#### [Prompt]
All lines from the one containing "Ligier JS 50 Rear wheel hub spindle/knuckle" down to the one containing "FUSO Canter 9C18 Ladebordwand / 3 Sitzen", both ends included, are to be given again exactly; omit the rest of the listing below.

"""

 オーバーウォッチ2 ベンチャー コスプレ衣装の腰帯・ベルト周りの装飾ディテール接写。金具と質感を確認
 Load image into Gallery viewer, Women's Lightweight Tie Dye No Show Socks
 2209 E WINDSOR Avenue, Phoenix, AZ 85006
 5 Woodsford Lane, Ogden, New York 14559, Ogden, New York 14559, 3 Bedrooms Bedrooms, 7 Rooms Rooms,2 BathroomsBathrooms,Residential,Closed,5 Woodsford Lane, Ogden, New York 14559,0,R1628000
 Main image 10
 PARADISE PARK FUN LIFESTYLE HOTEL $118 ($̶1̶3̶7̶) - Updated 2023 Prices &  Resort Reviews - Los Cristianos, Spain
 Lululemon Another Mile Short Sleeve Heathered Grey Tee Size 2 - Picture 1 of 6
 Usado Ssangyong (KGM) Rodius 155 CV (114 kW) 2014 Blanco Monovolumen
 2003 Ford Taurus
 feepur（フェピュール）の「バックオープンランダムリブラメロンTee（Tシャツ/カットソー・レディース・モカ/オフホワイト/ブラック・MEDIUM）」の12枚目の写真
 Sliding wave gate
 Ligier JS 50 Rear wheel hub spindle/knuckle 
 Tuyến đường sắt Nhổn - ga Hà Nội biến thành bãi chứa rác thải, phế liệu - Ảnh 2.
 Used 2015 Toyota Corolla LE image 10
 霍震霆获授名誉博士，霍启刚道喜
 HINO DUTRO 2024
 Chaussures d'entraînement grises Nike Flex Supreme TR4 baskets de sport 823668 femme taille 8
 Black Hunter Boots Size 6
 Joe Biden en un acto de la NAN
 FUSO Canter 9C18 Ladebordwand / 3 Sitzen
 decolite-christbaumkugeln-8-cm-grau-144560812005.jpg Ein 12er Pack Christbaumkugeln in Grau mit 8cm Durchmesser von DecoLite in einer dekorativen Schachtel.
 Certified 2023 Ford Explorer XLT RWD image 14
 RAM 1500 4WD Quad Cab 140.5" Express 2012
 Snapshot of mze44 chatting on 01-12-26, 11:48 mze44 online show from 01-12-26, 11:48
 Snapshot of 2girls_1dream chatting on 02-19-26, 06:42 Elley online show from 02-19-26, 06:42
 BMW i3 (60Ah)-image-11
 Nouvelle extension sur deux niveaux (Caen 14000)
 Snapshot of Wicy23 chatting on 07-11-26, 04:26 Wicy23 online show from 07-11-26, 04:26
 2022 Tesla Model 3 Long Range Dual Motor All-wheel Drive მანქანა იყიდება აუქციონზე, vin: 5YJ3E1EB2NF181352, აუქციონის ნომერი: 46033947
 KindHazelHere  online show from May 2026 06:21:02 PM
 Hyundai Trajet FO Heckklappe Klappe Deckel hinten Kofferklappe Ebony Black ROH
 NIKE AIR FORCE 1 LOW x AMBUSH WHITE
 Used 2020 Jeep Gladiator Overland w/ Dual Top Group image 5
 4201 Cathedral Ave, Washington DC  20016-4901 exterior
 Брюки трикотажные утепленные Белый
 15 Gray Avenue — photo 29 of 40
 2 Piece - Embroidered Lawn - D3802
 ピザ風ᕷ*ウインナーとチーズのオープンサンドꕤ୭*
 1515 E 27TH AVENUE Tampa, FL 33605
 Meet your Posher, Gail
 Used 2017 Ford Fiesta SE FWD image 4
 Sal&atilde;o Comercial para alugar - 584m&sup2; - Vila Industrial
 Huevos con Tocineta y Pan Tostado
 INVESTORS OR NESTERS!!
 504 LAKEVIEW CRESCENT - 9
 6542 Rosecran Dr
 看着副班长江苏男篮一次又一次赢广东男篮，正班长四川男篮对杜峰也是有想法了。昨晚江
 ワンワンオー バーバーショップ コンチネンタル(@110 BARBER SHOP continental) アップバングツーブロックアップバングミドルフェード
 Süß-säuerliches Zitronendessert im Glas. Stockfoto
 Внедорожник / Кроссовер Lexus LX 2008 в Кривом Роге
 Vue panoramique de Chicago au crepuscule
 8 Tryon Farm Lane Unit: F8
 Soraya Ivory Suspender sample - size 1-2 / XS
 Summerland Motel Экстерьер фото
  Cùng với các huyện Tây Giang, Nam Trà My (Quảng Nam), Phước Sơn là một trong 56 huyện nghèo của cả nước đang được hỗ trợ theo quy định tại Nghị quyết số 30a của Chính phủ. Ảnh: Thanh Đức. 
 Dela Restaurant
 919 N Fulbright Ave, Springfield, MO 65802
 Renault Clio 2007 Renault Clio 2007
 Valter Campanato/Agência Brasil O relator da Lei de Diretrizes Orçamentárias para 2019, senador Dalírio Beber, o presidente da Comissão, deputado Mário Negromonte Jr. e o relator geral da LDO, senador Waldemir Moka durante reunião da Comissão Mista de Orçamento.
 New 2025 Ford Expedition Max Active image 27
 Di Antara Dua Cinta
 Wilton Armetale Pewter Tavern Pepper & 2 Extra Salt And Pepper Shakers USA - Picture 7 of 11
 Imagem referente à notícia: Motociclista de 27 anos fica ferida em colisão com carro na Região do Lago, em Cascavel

"""

#### [Reply]
 Ligier JS 50 Rear wheel hub spindle/knuckle 
 Tuyến đường sắt Nhổn - ga Hà Nội biến thành bãi chứa rác thải, phế liệu - Ảnh 2.
 Used 2015 Toyota Corolla LE image 10
 霍震霆获授名誉博士，霍启刚道喜
 HINO DUTRO 2024
 Chaussures d'entraînement grises Nike Flex Supreme TR4 baskets de sport 823668 femme taille 8
 Black Hunter Boots Size 6
 Joe Biden en un acto de la NAN
 FUSO Canter 9C18 Ladebordwand / 3 Sitzen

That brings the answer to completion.